§ **Extracted records**
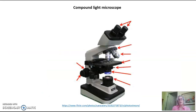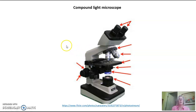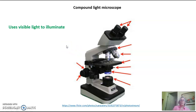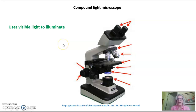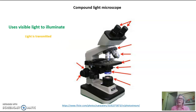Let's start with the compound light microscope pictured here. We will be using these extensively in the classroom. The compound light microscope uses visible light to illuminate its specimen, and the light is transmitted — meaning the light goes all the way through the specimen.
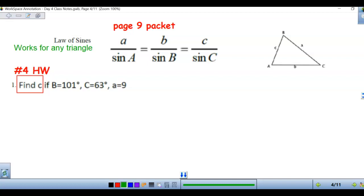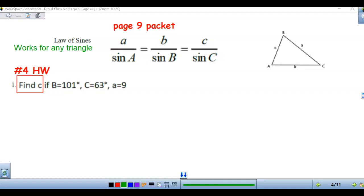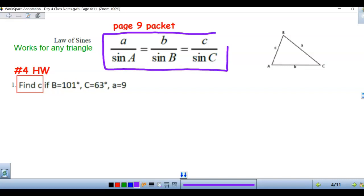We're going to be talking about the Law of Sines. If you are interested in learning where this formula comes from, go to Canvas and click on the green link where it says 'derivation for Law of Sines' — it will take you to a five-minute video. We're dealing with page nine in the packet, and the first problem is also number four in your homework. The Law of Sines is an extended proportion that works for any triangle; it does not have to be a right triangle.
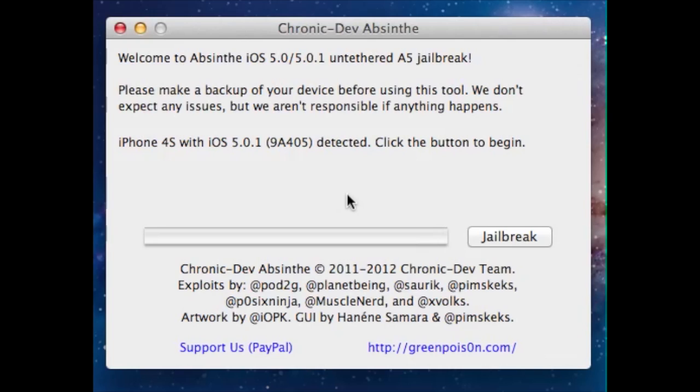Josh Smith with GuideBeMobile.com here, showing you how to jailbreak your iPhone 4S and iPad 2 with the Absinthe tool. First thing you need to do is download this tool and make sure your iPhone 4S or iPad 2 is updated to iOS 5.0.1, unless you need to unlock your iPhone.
---
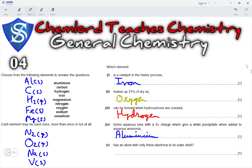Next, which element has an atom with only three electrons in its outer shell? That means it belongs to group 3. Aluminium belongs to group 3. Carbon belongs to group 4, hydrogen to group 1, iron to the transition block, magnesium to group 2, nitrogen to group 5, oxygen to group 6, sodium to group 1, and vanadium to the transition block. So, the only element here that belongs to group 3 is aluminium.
==
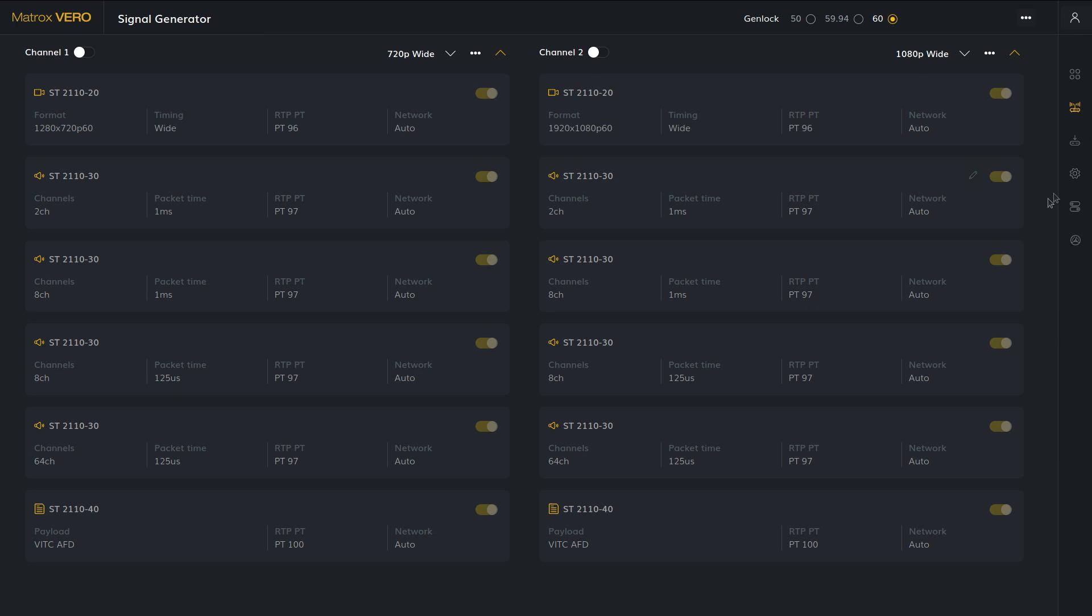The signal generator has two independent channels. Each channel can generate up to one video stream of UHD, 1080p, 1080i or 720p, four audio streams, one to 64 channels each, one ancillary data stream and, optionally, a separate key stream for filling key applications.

§ **What to do**
Pictures are to be left out. Write out only the lines above starting at the one with "Let's start with" and ending at the one with "Josh Smith with", both lines included, exactly.

§ **Response**
Let's start with the compound light microscope pictured here. We will be using these extensively in the classroom. The compound light microscope uses visible light to illuminate its specimen, and the light is transmitted — meaning the light goes all the way through the specimen.
We're going to be talking about the Law of Sines. If you are interested in learning where this formula comes from, go to Canvas and click on the green link where it says 'derivation for Law of Sines' — it will take you to a five-minute video. We're dealing with page nine in the packet, and the first problem is also number four in your homework. The Law of Sines is an extended proportion that works for any triangle; it does not have to be a right triangle.
Josh Smith with GuideBeMobile.com here, showing you how to jailbreak your iPhone 4S and iPad 2 with the Absinthe tool. First thing you need to do is download this tool and make sure your iPhone 4S or iPad 2 is updated to iOS 5.0.1, unless you need to unlock your iPhone.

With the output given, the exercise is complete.